We speak and listen through a presumption of certainty.
Suspicion as Certainty
I am no less guilty of this than anyone else. That’s what made this linguistic discovery so beguiling to me. I tried to imagine the mental calculus I would do if with every utterance I had to submit it to my own certainty assessment. How often would I opt for the declarative mood despite being unsure of my conclusion. I was thinking about this when I browsed Next Door, the hyper-local neighborhood app this morning. If you’ve been to your own version of it you have seen the certainty with which people declare pedestrian loiterers to be would-be thieves, car-jackers or rapists. I read with horror. But then, it’s hard not to wonder if I am equally as strident when I report what I saw (or think I saw).
If our grammar demanded I do a preliminary certainty test, would it temper my sureness? I wonder whether I would use the inferential mood when sharing about my newspaper delivery person who only delivers my paper 40% of the time? Maybe not.
But even without a grammatical imperative, we would all do well to adopt the cognitive structure that Turks have built-in to their language.
The Tentativeness of Vision
When you ask a new university Freshman what they plan to do professionally, they often answer tentatively. They aren’t declaring a certainty but entertaining a possibility. They’ll continue to assess for 4 years and reach a conclusion by graduation –and even then, it will not be a done deal. Does that consideration of their future profession differ in any substantive way from the vision that an organization crafts for its future state? Does it differ from the plan the organization has to accomplish that goal? Probably not. They are all statements of uncertain futures.
Our resistance to embracing or even acknowledging uncertainty impacts our planning, our thinking, and the culture of our workplaces. When we start from the premise that whatever we say or hear is meant as a sure thing, we lose the ability to embrace risk, forgive errors or plan for upsets. That plays out differently depending on where we look.
In strategy, it’s critical to stay aware of the distinction between certain and uncertain. Strategy itself is a hypothetical proposition. Once a visionary goal exists, the way to accomplish it is a matter of pure speculation. That’s strategy –a speculative plan.

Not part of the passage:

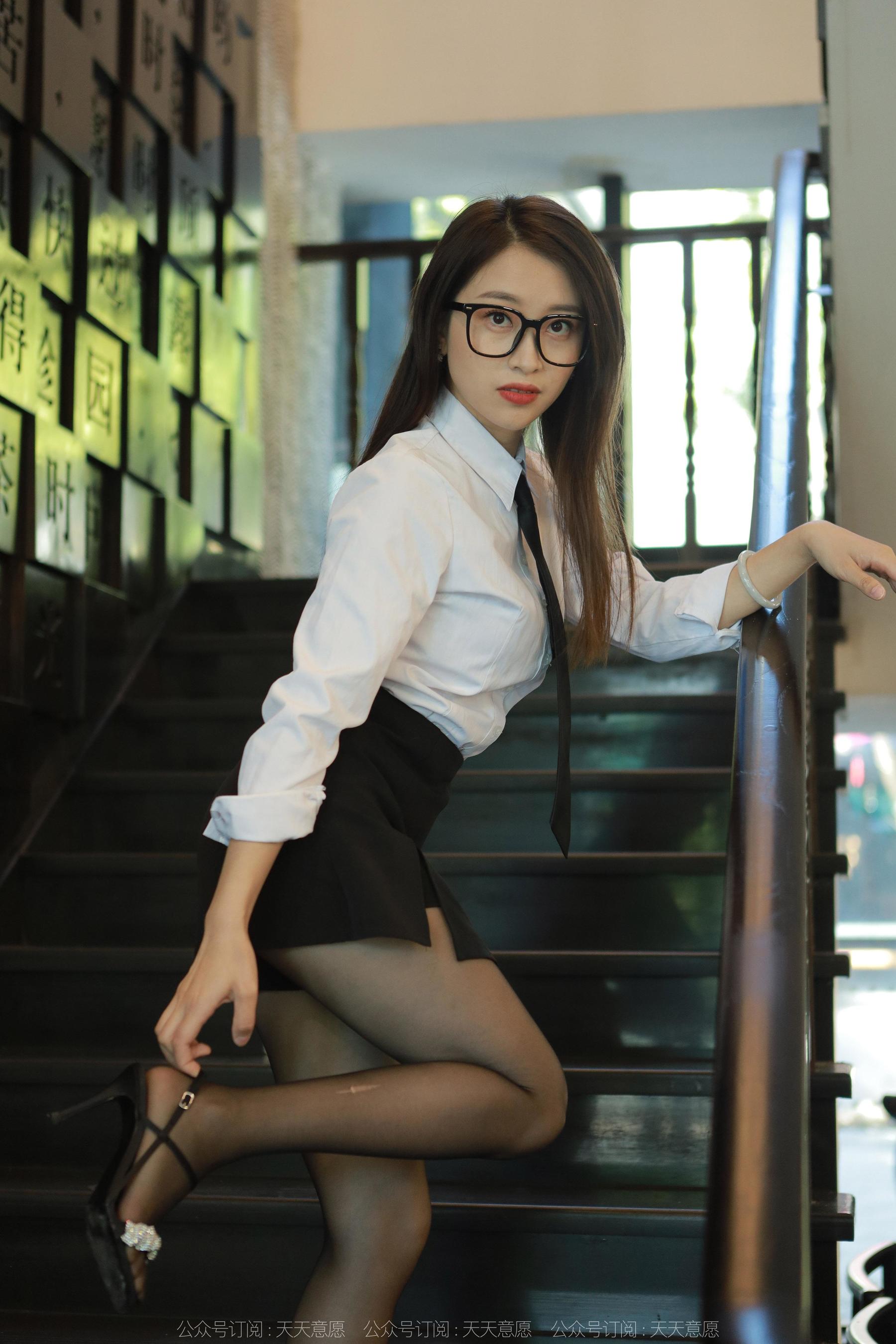 IESS异思趣向 - 模特：小婕 《可爱玉姐》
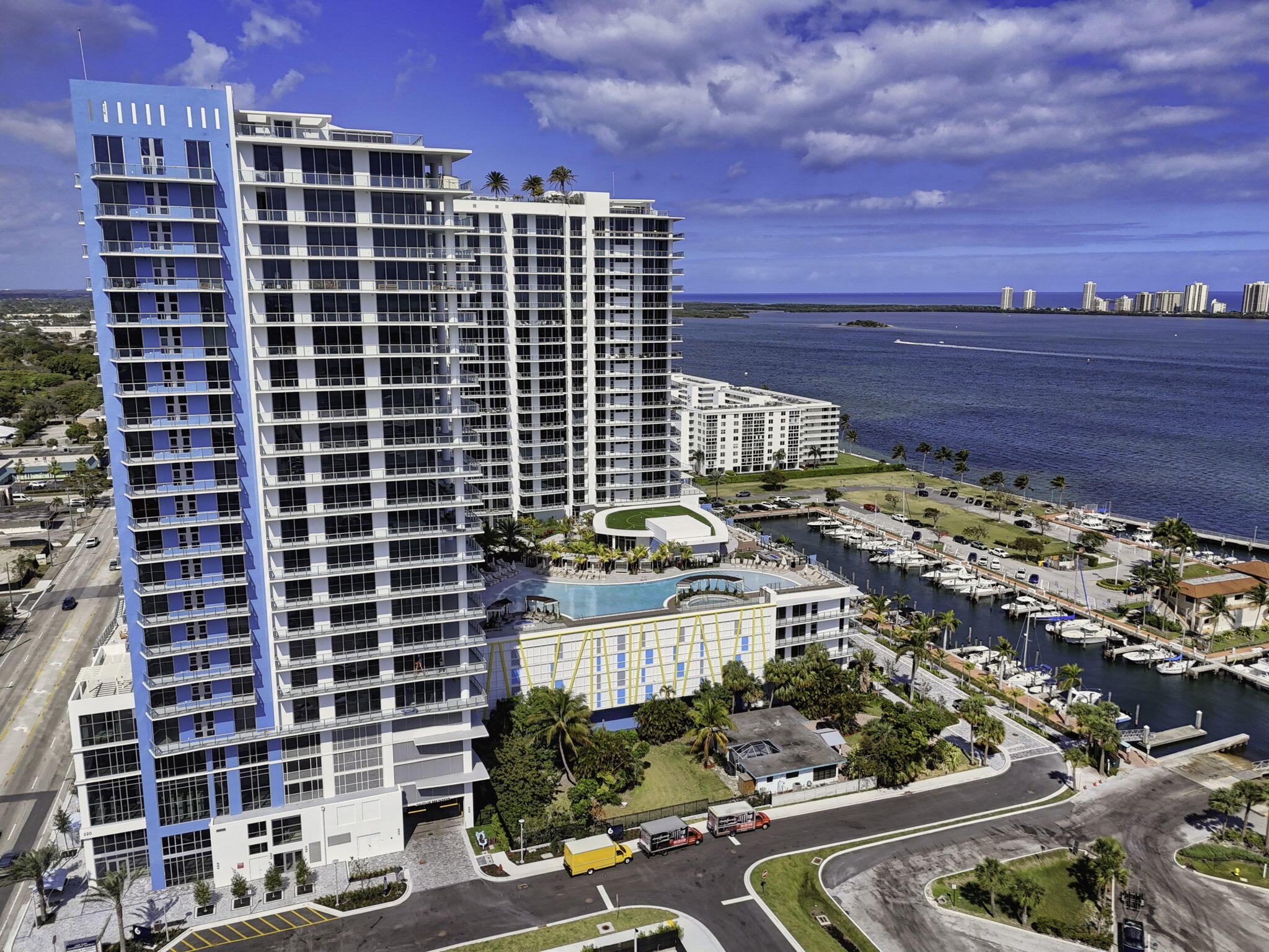 220 Lake Shore Drive 617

Along the way we try to reduce uncertainty through information about the market, supply chain, competitors, workforce, economy –and the way we expect the world itself to change.
But reducing uncertainty doesn’t provide certainty. Every strategy is uncertain until it’s fulfilled or not. [Click to tweet this thought]
Yet, almost every company leader I’ve ever worked with –especially in the high-growth start-up space—talks about their planning and strategy as though it were a sure thing –and the ONLY way to get where they want to go. Alternatively, they assume everything is equally uncertain and make no strategic choices –saying yes to anything and no to nothing.
Both approaches fail, albeit differently.
Even the scorecards and KPIs we develop tend to measure the execution of the strategy –not its validity. When the various teams fail to produce the prescribed metrics, we blame the team, not the plan. Sometimes though, the plan is the problem, not the performance. When you believe your strategy is the truth rather than one of many possible plans, how can you ever discover a flawed strategy?
The key to all of this can’t be that we conduct business in Turkish or Estonian. But we do need to address the issue through language. It starts with doing a genuine audit of our own thinking and speaking. Whether our assessments of our friends, our political views, or our approach to growing our organization –we trade in pronouncements. But most of those pronouncements are subjective and uncertain. We present them as sure things –and we may even believe that they are. The solution is simply to acknowledge and describe them as uncertain. Creating a culture that allows, embraces, and honors uncertainty is a superpower; but it’s a superpower you can acquire.